Exercise inputs:

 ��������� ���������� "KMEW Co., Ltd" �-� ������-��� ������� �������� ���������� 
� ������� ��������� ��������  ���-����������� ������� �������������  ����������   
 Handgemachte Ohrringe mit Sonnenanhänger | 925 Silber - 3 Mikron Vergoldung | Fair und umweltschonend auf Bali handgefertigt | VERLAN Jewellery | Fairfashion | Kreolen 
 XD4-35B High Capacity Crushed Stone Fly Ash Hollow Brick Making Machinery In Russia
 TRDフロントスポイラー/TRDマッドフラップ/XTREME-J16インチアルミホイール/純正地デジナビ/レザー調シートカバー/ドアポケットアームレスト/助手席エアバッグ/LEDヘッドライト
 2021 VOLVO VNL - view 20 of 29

---

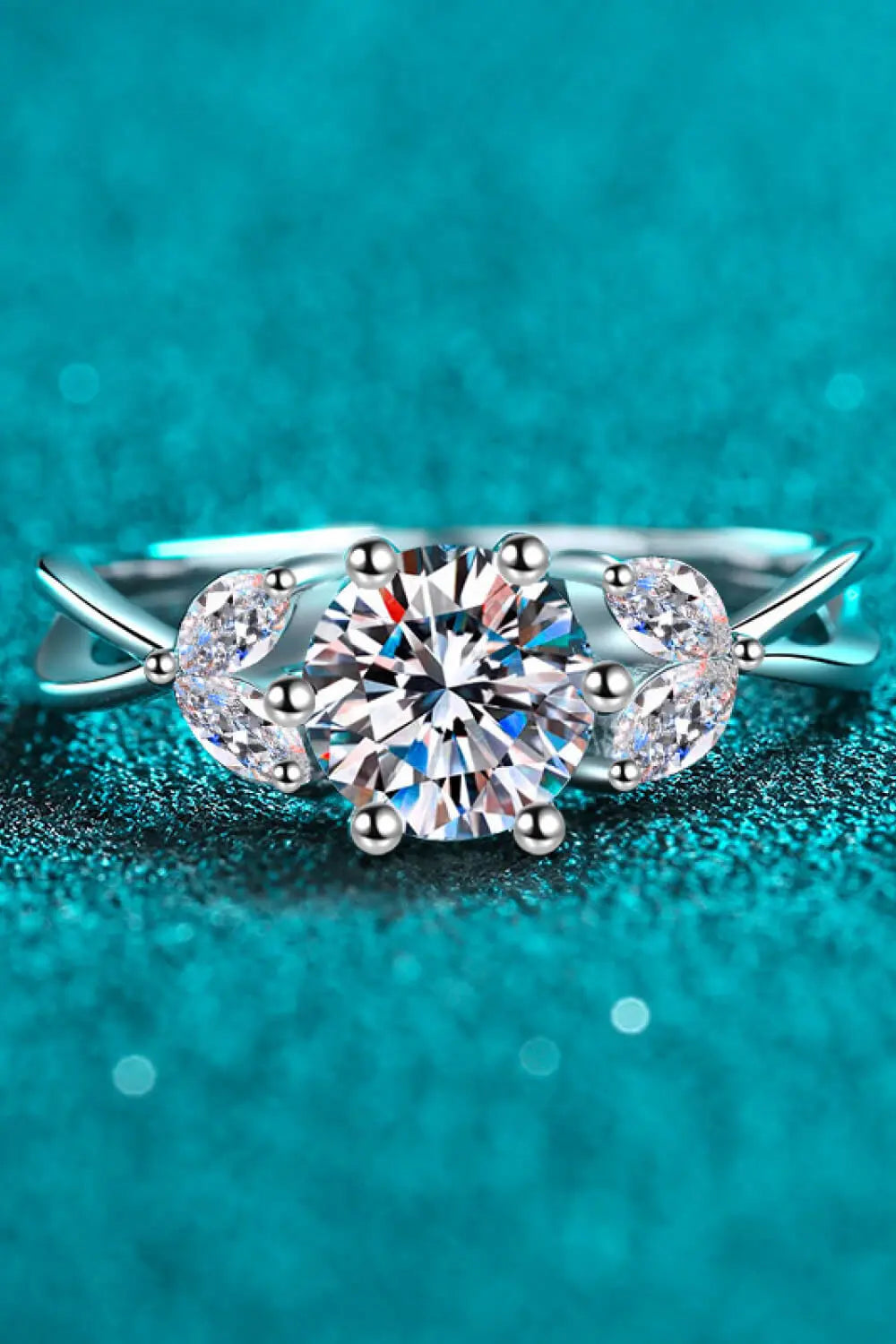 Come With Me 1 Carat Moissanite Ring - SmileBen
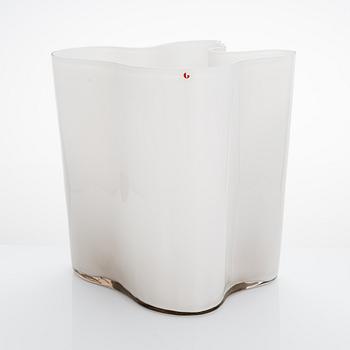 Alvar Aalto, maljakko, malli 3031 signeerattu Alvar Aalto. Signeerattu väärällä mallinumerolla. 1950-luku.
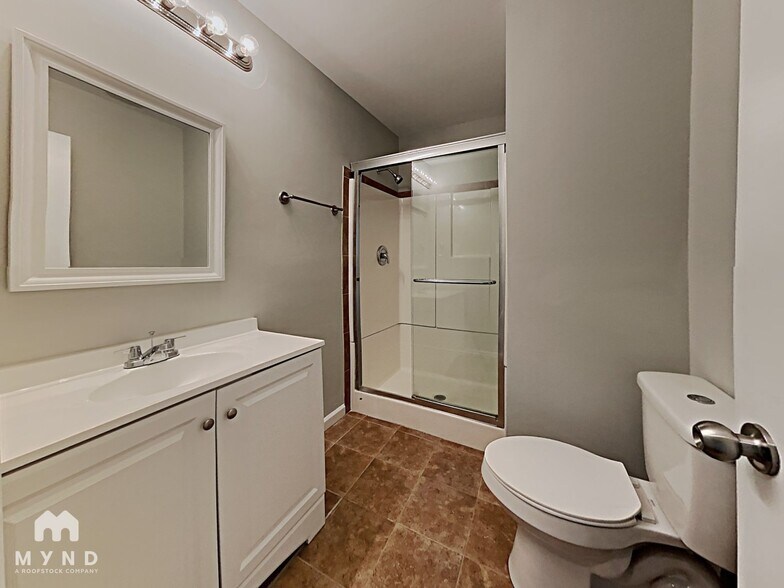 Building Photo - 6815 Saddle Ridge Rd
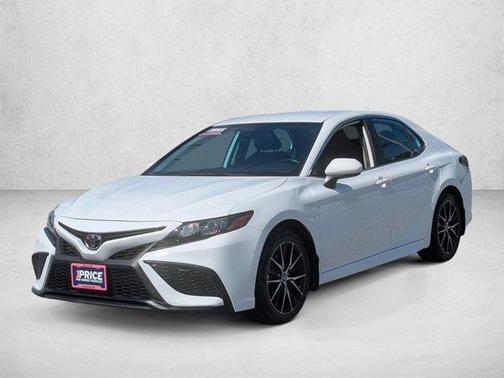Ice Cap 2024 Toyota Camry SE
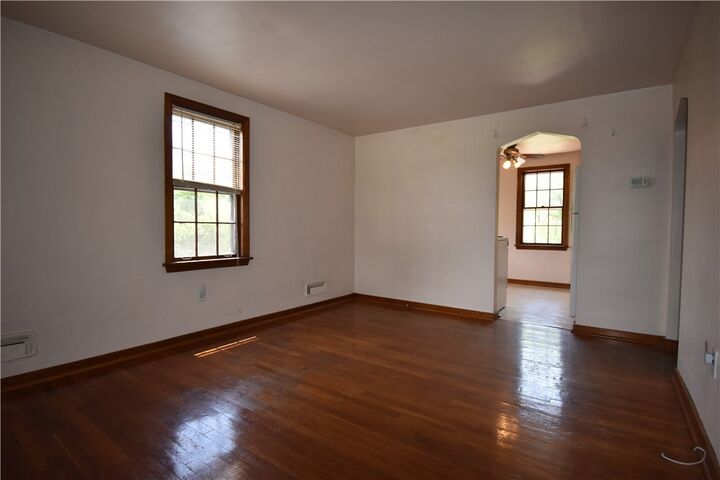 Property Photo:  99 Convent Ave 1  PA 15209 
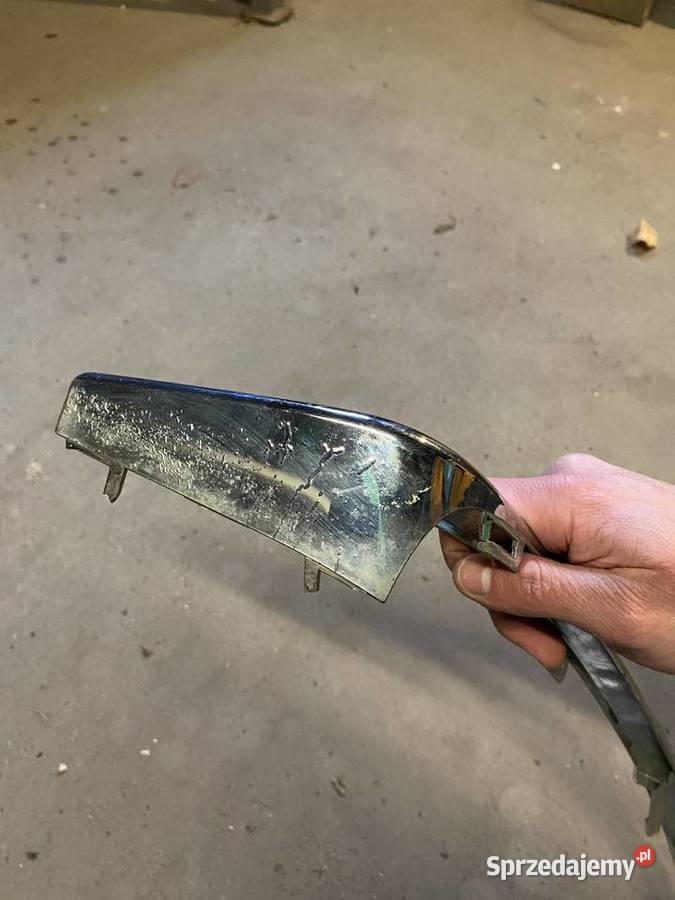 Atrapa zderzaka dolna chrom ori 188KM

---

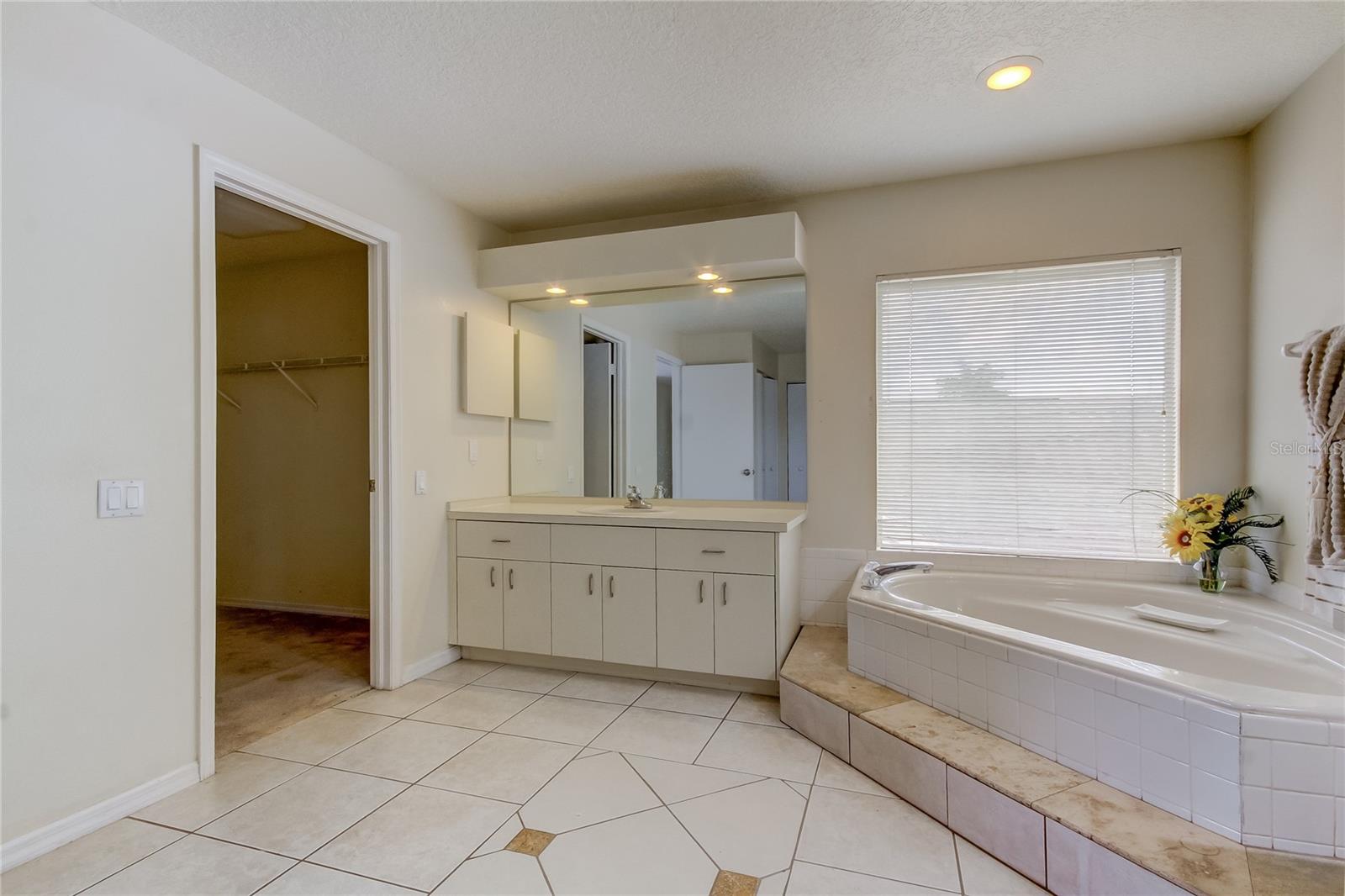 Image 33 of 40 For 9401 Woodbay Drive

Goal of the exercise:
Reproduce, exactly as they stand in the data above, the lines from the one that holds "TRDフロントスポイラー/T" to the one that holds "2021 VOLVO VNL - view 20 of 29", inclusive.

Exercise answer:
 TRDフロントスポイラー/TRDマッドフラップ/XTREME-J16インチアルミホイール/純正地デジナビ/レザー調シートカバー/ドアポケットアームレスト/助手席エアバッグ/LEDヘッドライト
 2021 VOLVO VNL - view 20 of 29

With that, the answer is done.